START Source data

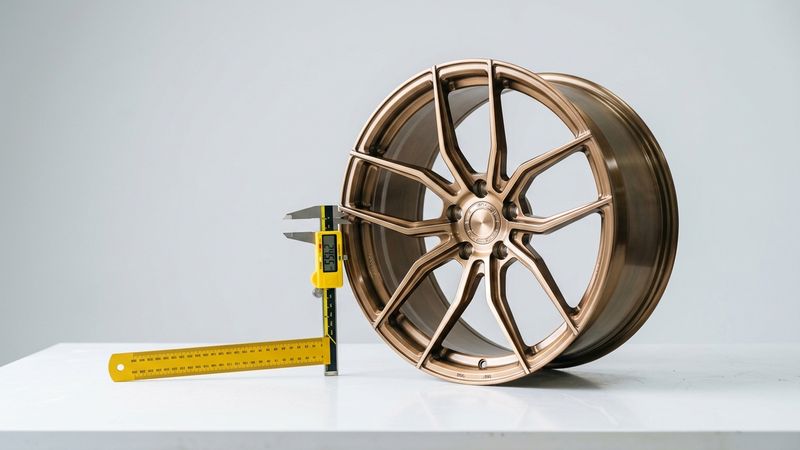 Work Gnosis Gr204 Rims and Wheels in stock starting at $702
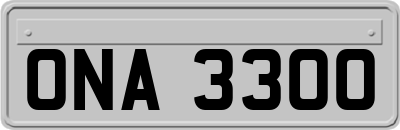 ONA3300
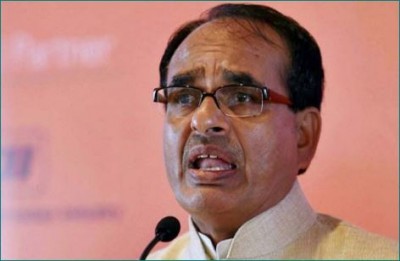 CM Shivraj wishes National Science Day to all countrymen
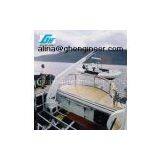 Most Popular Yacht Crane thumbnail-3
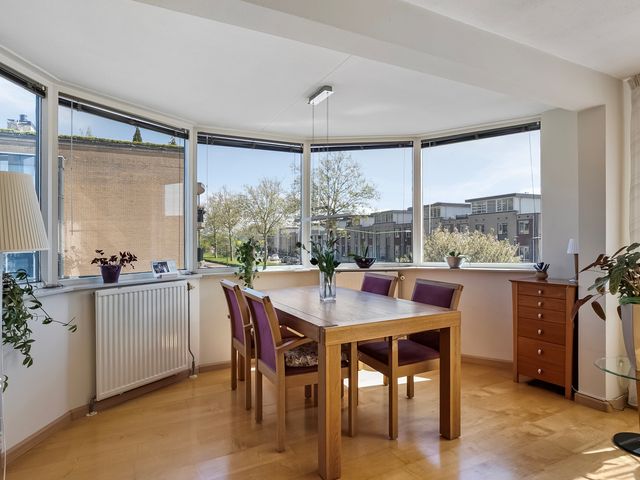 Salieristraat 40, Capelle aan den IJssel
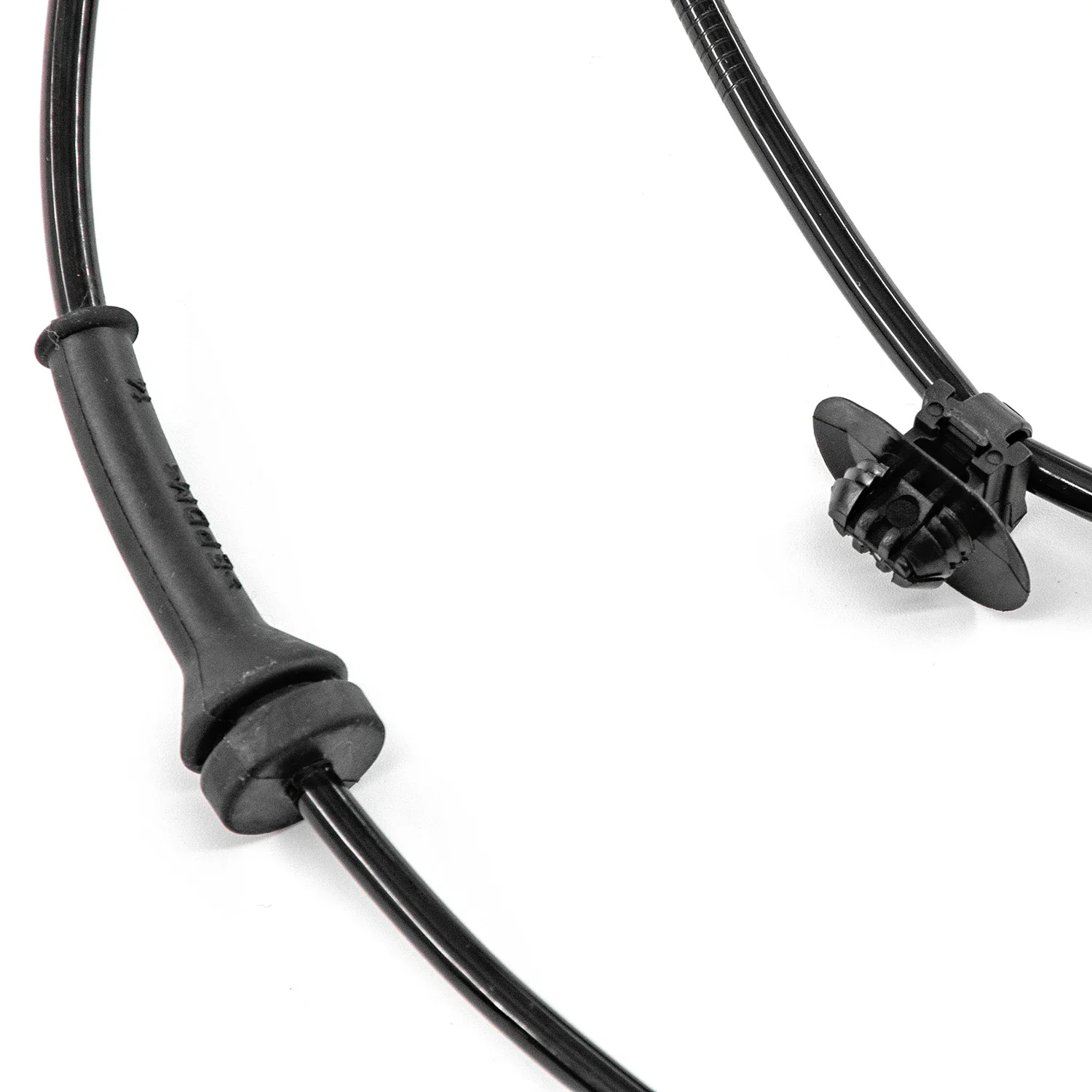 Front and Rear ABS Sensor Wheel Speed for Renault Megane II SCENIC II Number#8200404460;0986594603;8200043136;8200296571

END Source data

Task description: Every line from the one with "CM Shivraj wishes" through the end of the records above belongs in the answer, copied exactly; no picture does.

Solution to this problem:
 CM Shivraj wishes National Science Day to all countrymen
 Most Popular Yacht Crane thumbnail-3
 Salieristraat 40, Capelle aan den IJssel
 Front and Rear ABS Sensor Wheel Speed for Renault Megane II SCENIC II Number#8200404460;0986594603;8200043136;8200296571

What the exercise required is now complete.